It’s hard to imagine any international football manager envying Sam Allardyce but, given Italy’s fate, Giampiero Ventura might just be one. After receiving a two year contract, Big Sam lasted just 67 days (and wags still delight in reminding all that he achieved a 100% win record) before his ignominious exit. Ventura had been in charge of Italy for seventeen months before they failed to qualify for the World Cup for the first time since 1958.
He was fired two days after the goalless draw that saw Italy fall just short and, in his homeland, Ventura’s name is mud with every decision not just questioned but now seen as an error and the tears of Gianluigi Buffon washing away any attempt to explain himself. Buffon, a genuine footballing hero home and abroad, faced the cameras on the pitch while Ventura went missing. Speaking as someone who has always felt a little queasy about the media chasing down players and managers as soon as the final whistle has gone, I can’t say I hold that against him but, as a lover of football (and excluding any Peruvian shenanigans that may disqualify them), I will miss Italy next year.
Of the home nations only England will be getting on a plane to Russia. Northern Ireland fell at the final hurdle but at least managed second place (more than the Netherlands another big omission). Scotland and Wales could both only manage third with Wales being beaten into that runner-up, play-off qualifying spot by the Republic of Ireland. Chris Coleman remained in-situ for a couple of weeks while Gordon Strachan stood down immediately with a final address of muddled musings that may well overshadow his already underwhelming tenue.
Coleman has been welcomed back into club football at Sunderland in the English Premier League and there are rumours that Michael O'Neill, Northern Ireland’s manager is being sounded out by clubs. Strachan looked like he needed a holiday and who can blame him.
Across the border in Ireland, the Republic also made it to the play-offs and had high hopes of getting on that plane. With Martin O'Neill and Roy Keane’s bad-cop and worse-cop team, many, me included, believed that they had hit upon that crucial balance of tactical nous and ruthless commitment all winning sides need. The professional-arse-kicking handed to them by Denmark has certainly shaken that belief but a management team like this duo deserves more time.
All-in-all it is a shame there won’t be more British sides to watch next year. Some may think that it is only the minor nation football supporter that likes a back-up team (although among the home nations only English fans seem secure enough in their love to cheer for another when their side goes out). Not so; during the years of pain watching England the ‘decompression’ like effect of following a second side has helped to keep me sane. Yes I will enjoy a Germany vs Mexico or a Nigeria vs Brazil but swap out any one of those names for Northern Ireland, Scotland or Wales and, for me, there’s a match I can build an evening around.

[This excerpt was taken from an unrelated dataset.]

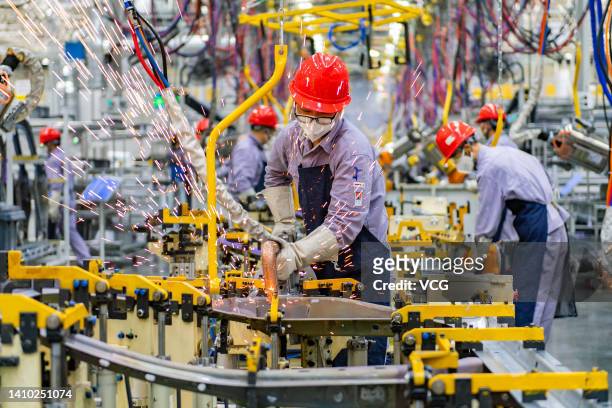 Employees work on the assembly line of Huawei SERES AITO M7 electric SUV at an intelligent factory of SERES Automobile Co., Ltd, a subsidiary of...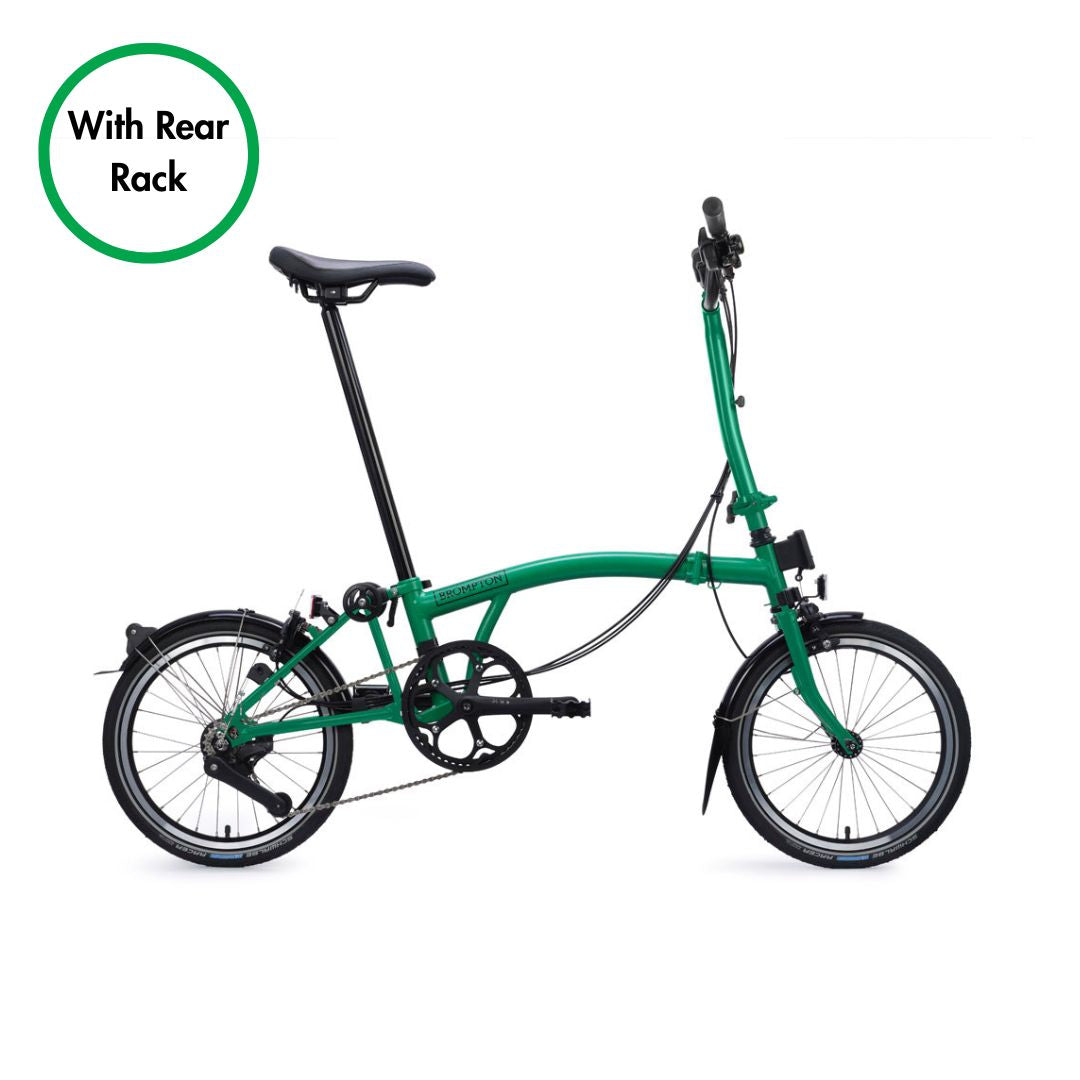 Green folding bicycle with a rear rack on a white background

On a shallower level, Russia itself promises some vague advantage to sides from our wet and windy corner of the world. With Senegal, Saudi Arabia, Uruguay and the like, there are a lot of hot countries coming to play in Moscow and Yekaterinburg (no me neither). Some might say that hoping for such an advantage is foolish at this level of the game - to which I would reply: this is football, let me hope. Others might assert that even desiring such an edge over your opponents is not in the spirit of the game - to which I would then reply: sod off, I want to win something.